FP16 (Half Precision) | Floating Point Format Guide

Bit Layout

An FP16 number uses 16 bits divided into three fields:

The sign bit determines positive (0) or negative (1). The exponent is stored with a bias of 15. The mantissa stores 10 bits of fractional precision.

Overview

FP16, also known as half precision, was added to the IEEE 754-2008 standard as a storage and interchange format. At just 16 bits, it uses half the memory of FP32, making it attractive for applications where memory bandwidth is a bottleneck.

With only 5 exponent bits, FP16 has a much narrower range than FP32, with a maximum value of only 65,504. This means large values (like loss values in deep learning) can easily overflow to infinity. However, for values within its range, the 10 mantissa bits provide about 3.3 decimal digits of precision.

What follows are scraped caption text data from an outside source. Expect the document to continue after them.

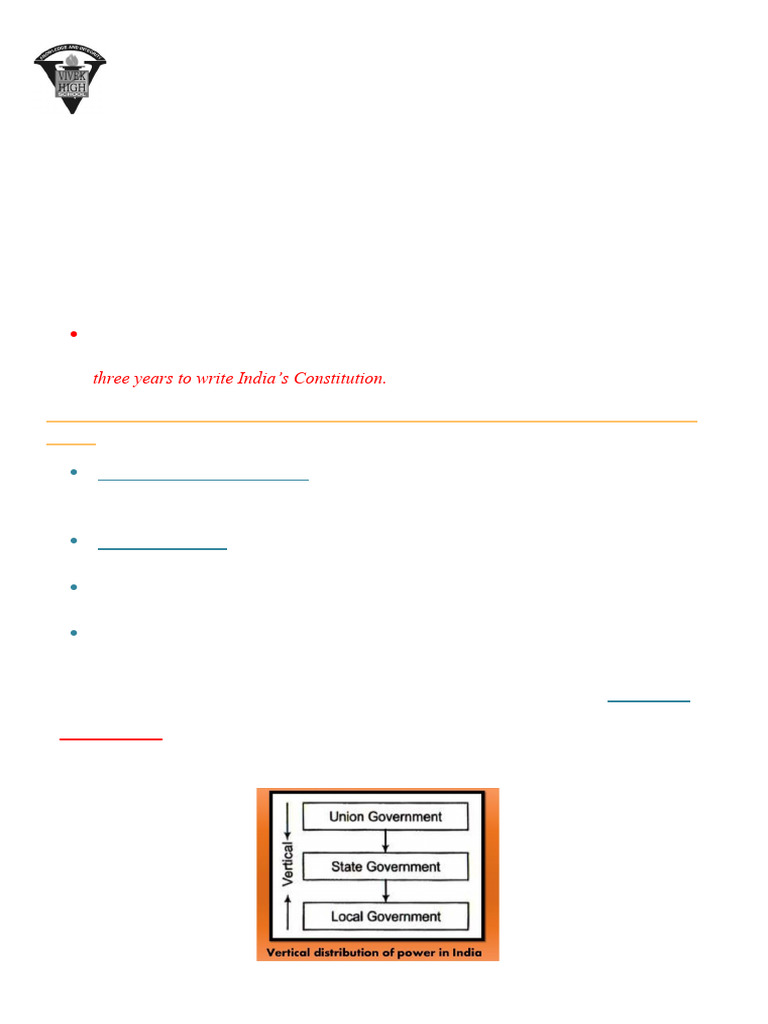 Indian Constitution - Notes 3 CIVICS CBSE CLASS 7 | PDF | Separation Of ...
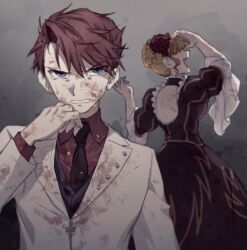  1boy beatrice_(umineko) black_dress black_necktie blonde_hair blood blood_on_clothes blood_on_face blue_eyes blurry blurry_background collared_shirt dress female flower hair_flower hair_ornament highres hswoimuxk0pwr0h_(bbdan) laughing necktie open_mouth red_flower red_hair red_rose red_shirt rose shirt short_hair standing suit umineko_no_naku_koro_ni ushiromiya_battler v-shaped_eyebrows white_suit 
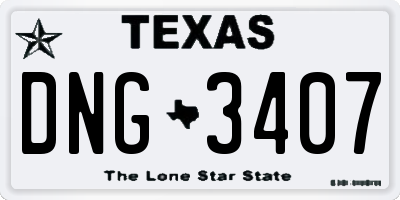 TX license plate DNG3407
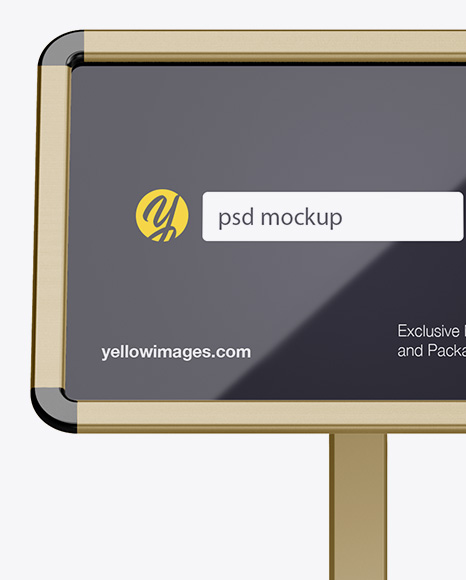 Download Metallic Frame Poster Stand Mockup Front View In Indoor Advertising Mockups On Yellow Images Object Mockups Yellowimages Mockups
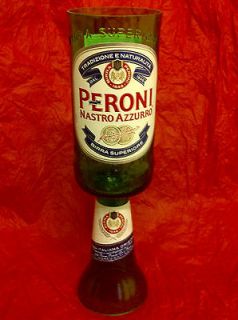 PERONI ITALIAN LAGER BEER GLASS GOBLET   100% RECYCLED   UNIQUE GIFT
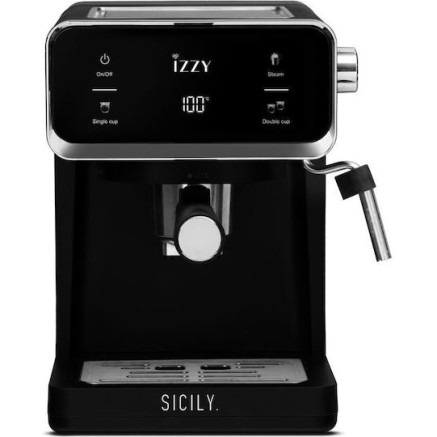 Izzy Sicily IZ-6017 Μηχανή Espresso 1000W Πίεσης 20bar Μαύρη (224585)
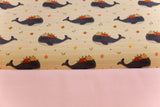 Stoffpaket French Terry mit Walen, Fräulein von Julie, beige, rosa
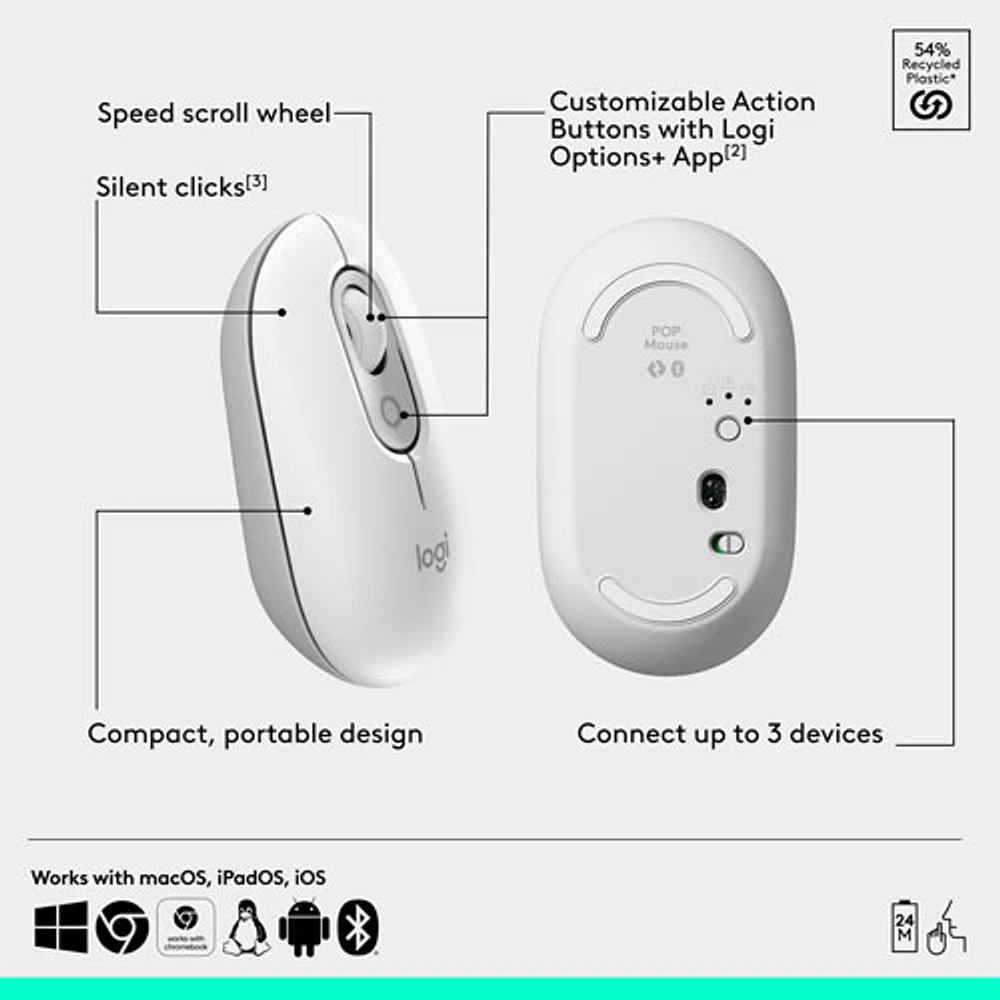 Logitech POP Mouse Bluetooth Optical Mouse - Off-White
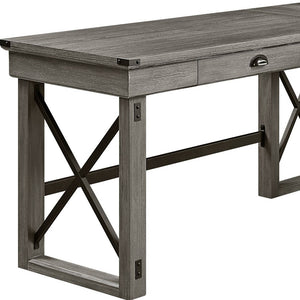 Homeroots 67" Gray L Shape Writing Desk   491524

FP16 is widely used in ML inference, computer graphics (HDR textures), and as a storage format on GPUs. NVIDIA's Tensor Cores can perform FP16 matrix multiplications at 2× the throughput of FP32.

FP16 vs BF16 FP16 and BF16 are both 16-bit formats, but they make different trade-offs. FP16 has higher precision (10 mantissa bits vs 7) but much narrower range (max ~65K vs ~3.4×10³⁸). BF16's wider range makes it better for training, while FP16's precision makes it good for inference.

Encoding Rules

Normal Numbers

value = (-1)^sign × 2^{(exponent - 15)} × (1 + mantissa / 2¹⁰)

Normal FP16 numbers have a biased exponent between 1 and 30 (actual exponent -14 to +15). The bias of 15 is calculated as 2^(e-1) - 1, where e is the number of exponent bits (5).

Subnormal Numbers

value = (-1)^sign × 2^-14 × (0 + mantissa / 2¹⁰)

Subnormals bridge the gap between the smallest normal number and zero, enabling gradual underflow.

Special Values

Zero: Exponent = 0, Mantissa = 0.
Infinity: Exponent = 31 (all ones), Mantissa = 0.
NaN: Exponent = 31, Mantissa ≠ 0.

Interactive Value Visualizer

Click any bit to flip it, drag the slider, or enter a decimal or hex value. The graphs show how values are distributed across the encoding space.

Decimal:

Hex:

Dynamic Range & Precision

Special Values & Bit Patterns

Format Comparison

Where FP16 Is Used

GPU Tensor Cores: NVIDIA GPUs from Volta onward accelerate FP16 matrix operations via Tensor Cores (.f16 / .f16x2 types in the PTX ISA). On H100, FP16 Tensor Cores deliver 1000 TFLOPS (2000 with sparsity).
Mixed-precision training: NVIDIA's mixed-precision training guide documents the FP16 recipe: forward and backward passes in FP16, FP32 master weights, and dynamic loss scaling to prevent gradient underflow.
ML frameworks: PyTorch provides torch.float16 as a core dtype. The ONNX specification defines FLOAT16 = 10 as an IEEE 754 half-precision type for model interchange.
Kernel compilers: CUTLASS defines half_t for templated MMA abstractions. Triton exports float16 as a first-class kernel dtype, and the MLIR NVVM dialect maps FP16 to Tensor Core MMA shapes.
Graphics and HDR imaging: FP16 is the standard for HDR color channels and texture storage in OpenGL and Vulkan, providing sufficient dynamic range and precision for visual data.

Limited range FP16 overflows above 65,504 and underflows below ~6×10^-8 (normal range). Loss values, gradient norms, and intermediate activations can exceed these bounds. If you encounter frequent infinities or zeros, consider BF16 (wider range) or add loss scaling.